══ Provided data
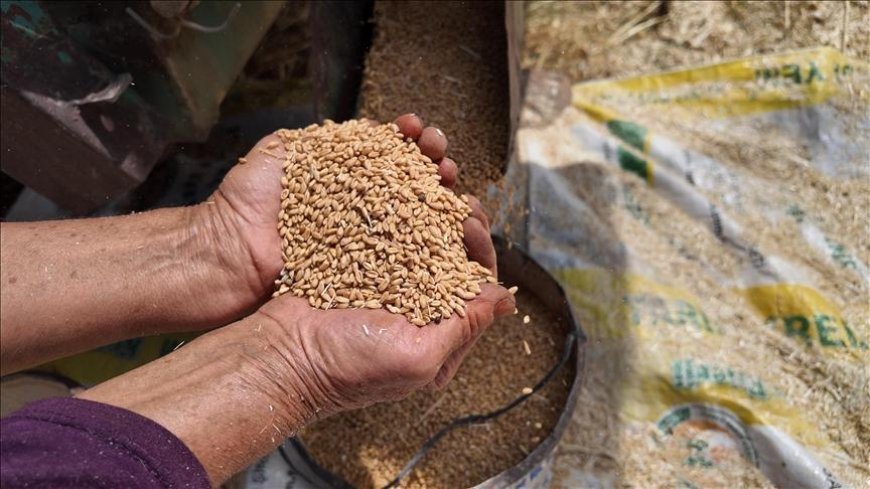 TMO'nun stokları Türkiye'nin ihtiyaçlarını karşılayacak seviyede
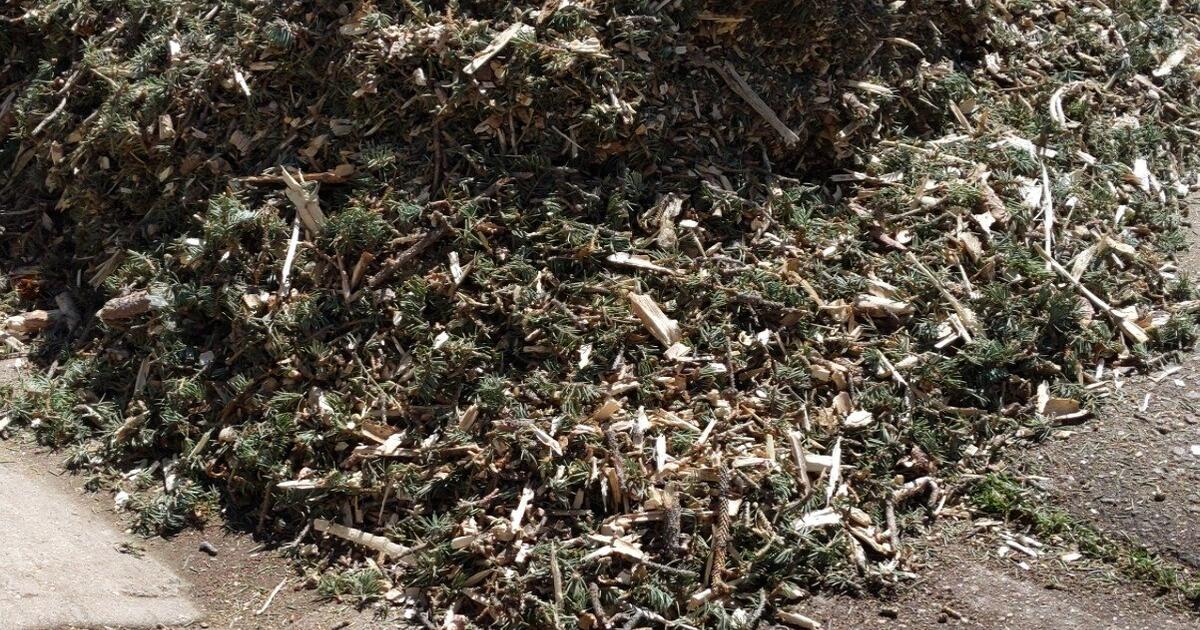 Pine Mulch for Free in Littleton, CO For Sale & Free — Nextdoor
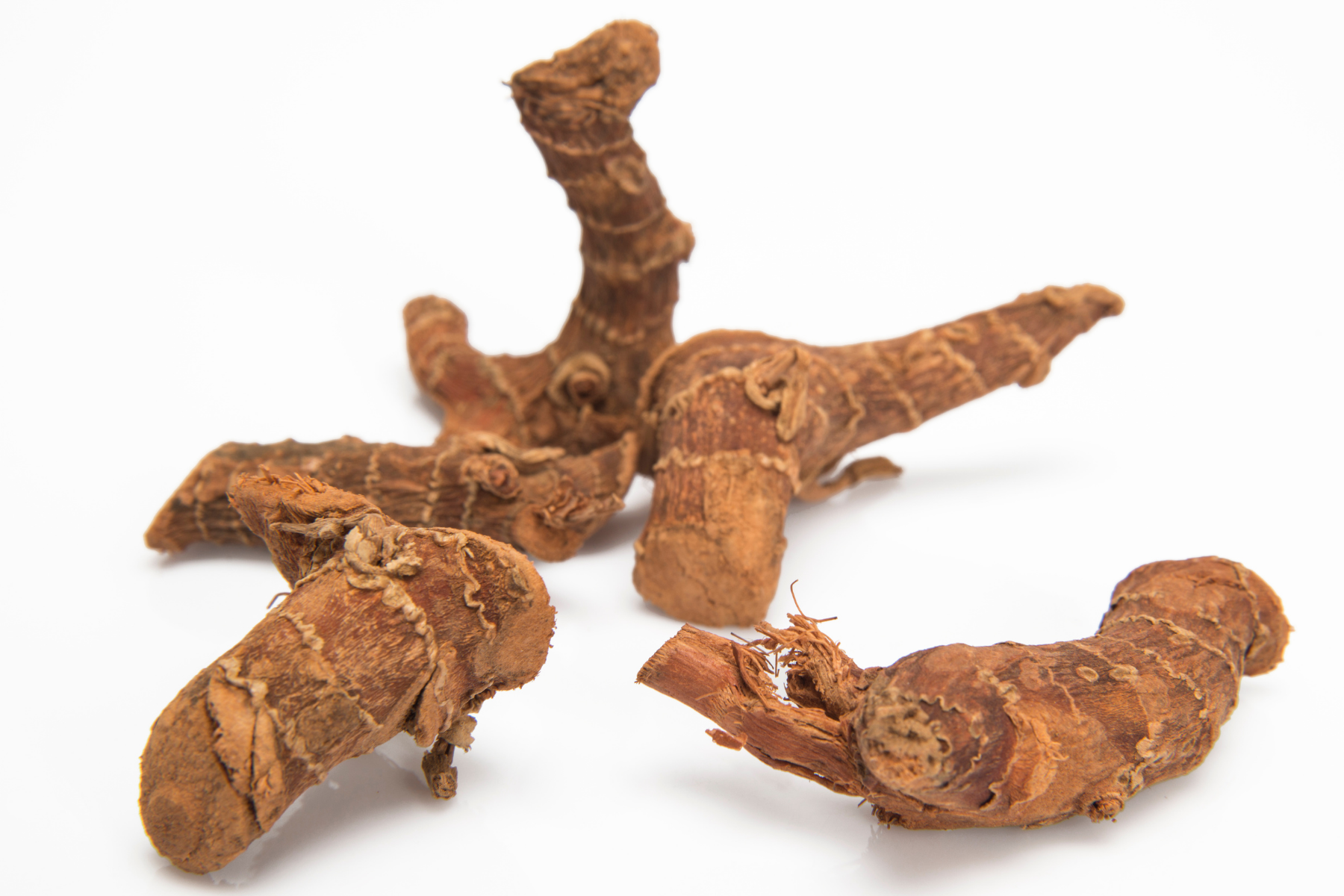 Galanga – Racine Séchée 1 kg | Anti-inflammatoire, Tonique Digestif & Antioxydant Naturel
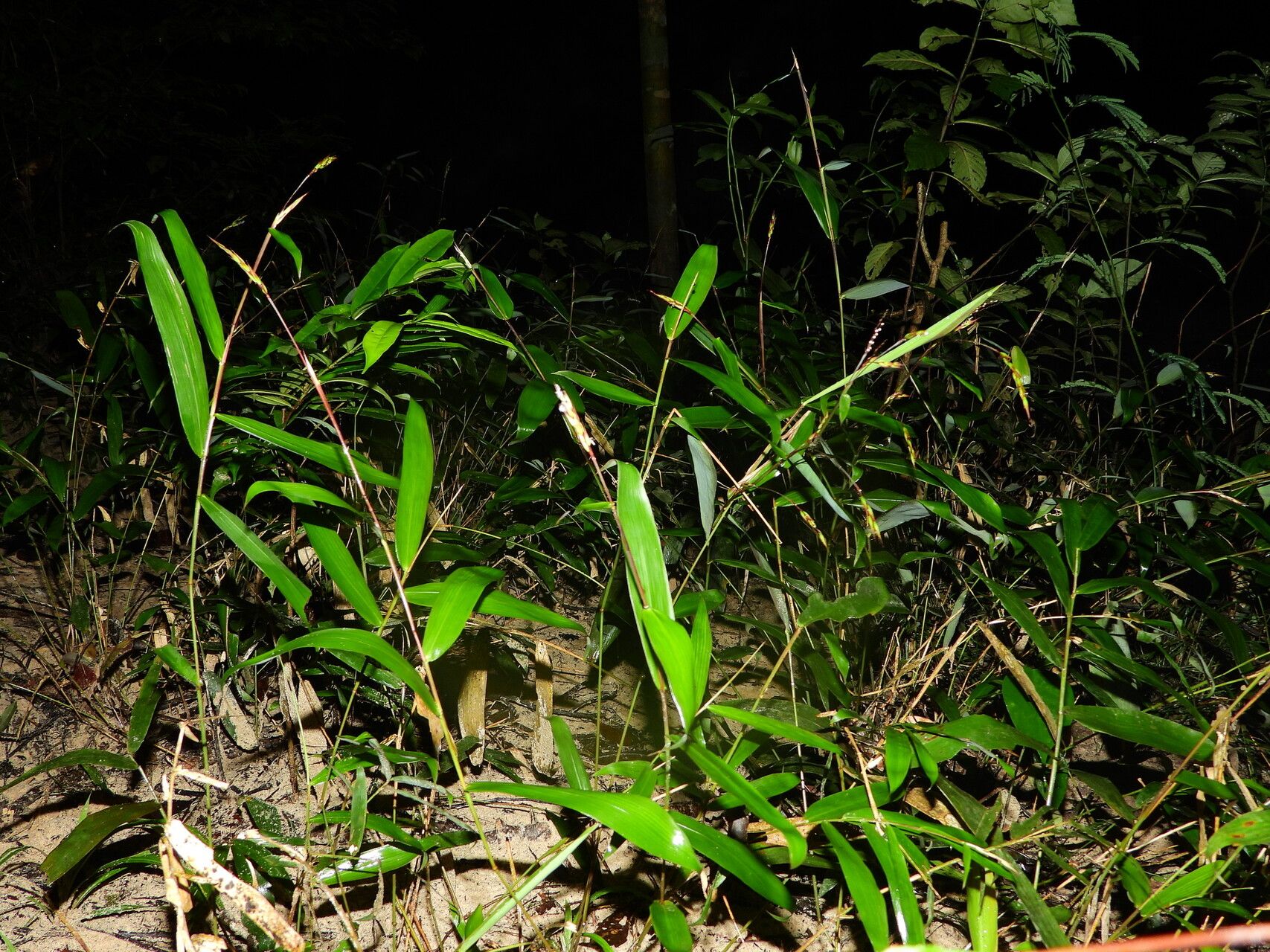 Olyra longifolia habit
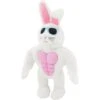 Frisco Easter Bunny Muscle Plush Squeaky Dog Toy 2 Frisco Easter Bunny Muscle Plush Squeaky Dog Toy -Hot Sale Pet Supplies 304976 MAIN. AC SS1800 V1642441114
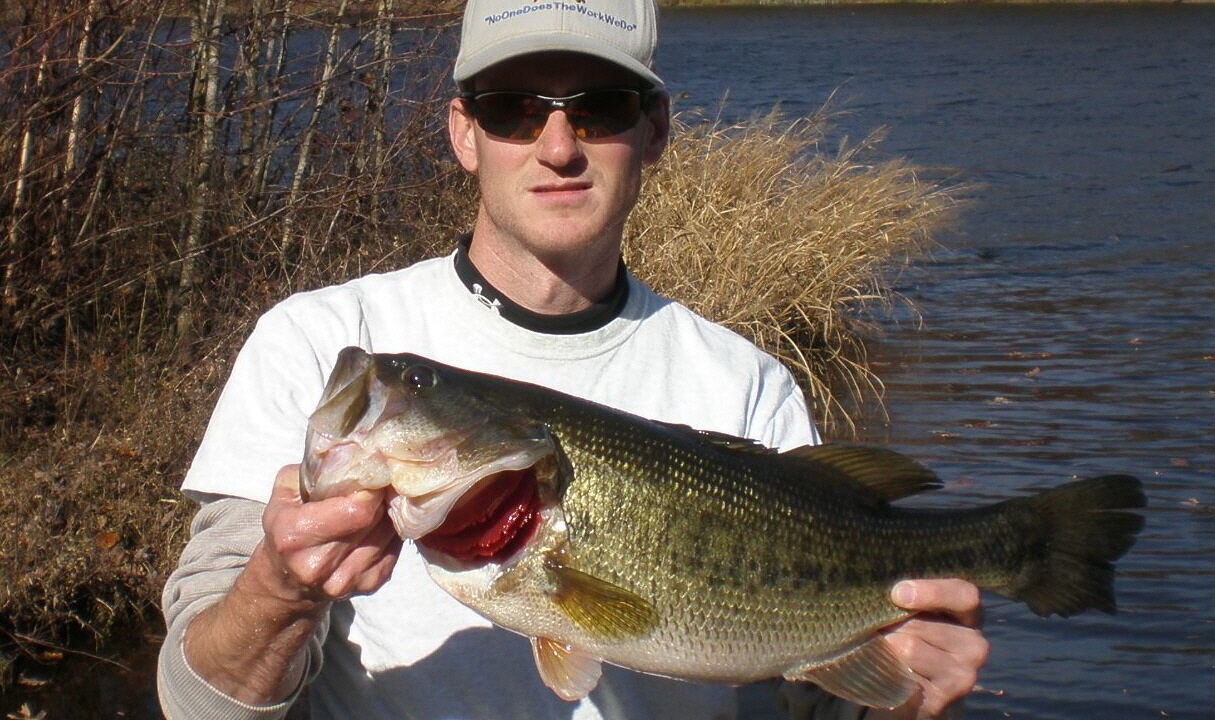 Photo of Others in Kemp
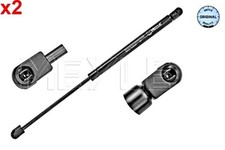 Boot Lid Gas Spring Strut x2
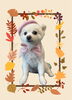 「Dog salon mofu mofu　余市町」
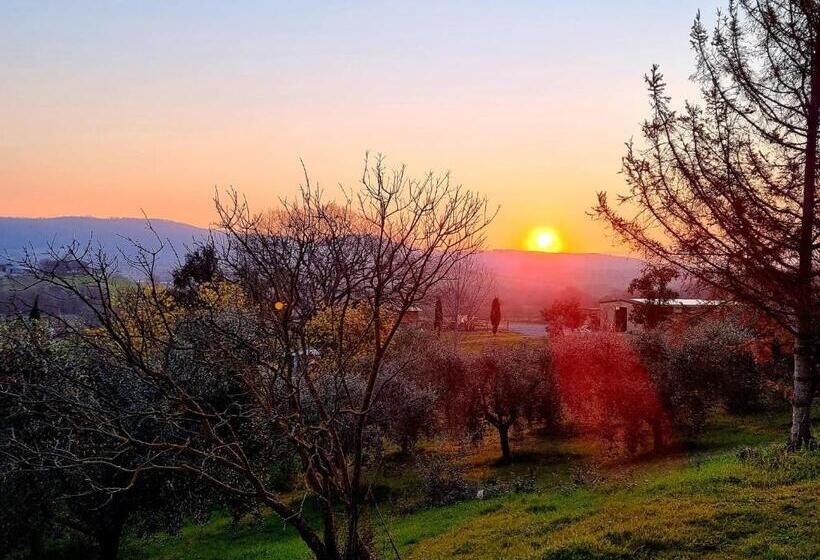 فندق Agriturismo Poggio La Buca
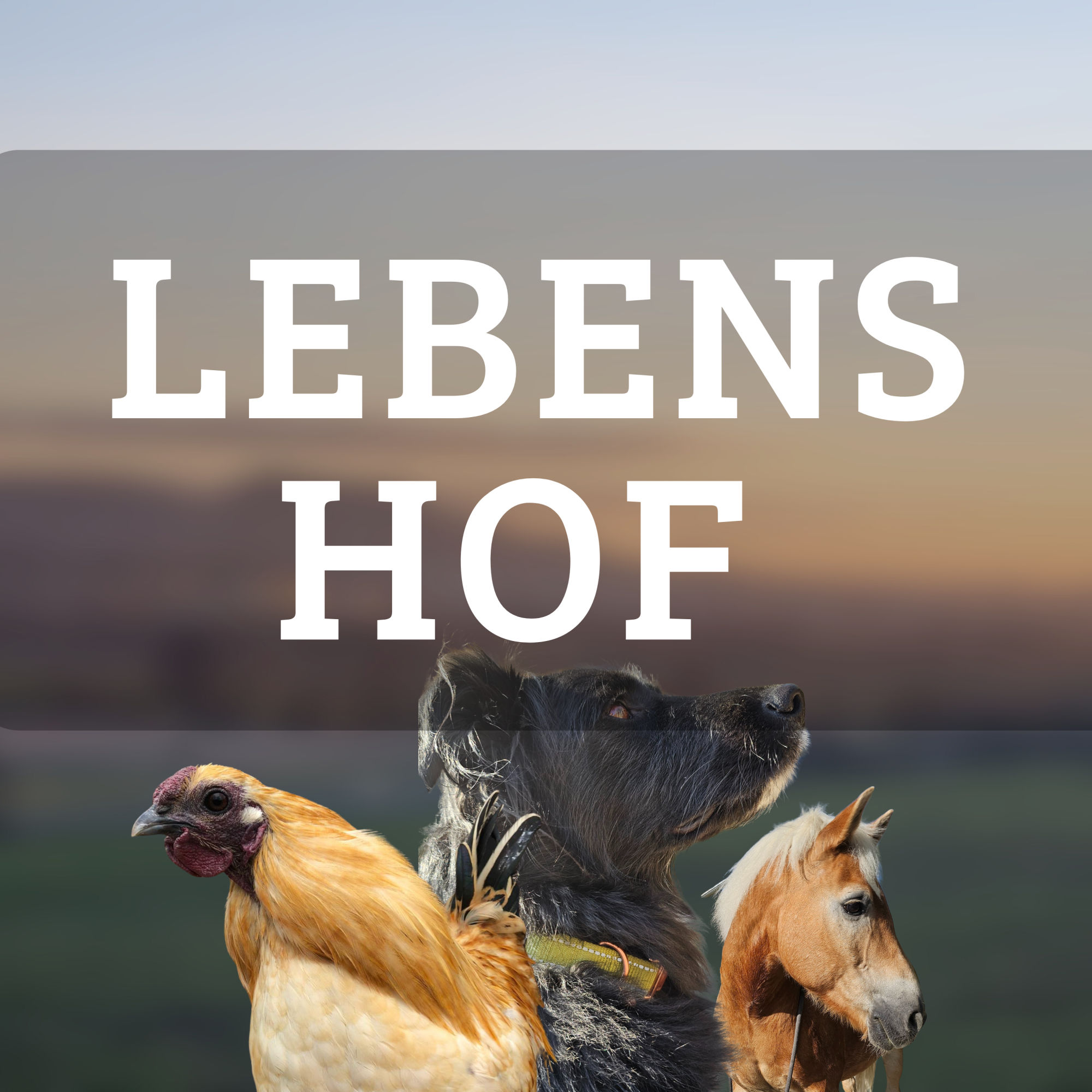 Lebenshof Gründung mit den Oberfranken Girls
════
What to do:
Each record above is to be restated exactly, with its pictures removed from the copy.

Output for this task:
 TMO'nun stokları Türkiye'nin ihtiyaçlarını karşılayacak seviyede
 Pine Mulch for Free in Littleton, CO For Sale & Free — Nextdoor
 Galanga – Racine Séchée 1 kg | Anti-inflammatoire, Tonique Digestif & Antioxydant Naturel
 Olyra longifolia habit
 Frisco Easter Bunny Muscle Plush Squeaky Dog Toy 2 Frisco Easter Bunny Muscle Plush Squeaky Dog Toy -Hot Sale Pet Supplies 304976 MAIN. AC SS1800 V1642441114
 Photo of Others in Kemp
 Boot Lid Gas Spring Strut x2
 「Dog salon mofu mofu　余市町」
 فندق Agriturismo Poggio La Buca
 Lebenshof Gründung mit den Oberfranken Girls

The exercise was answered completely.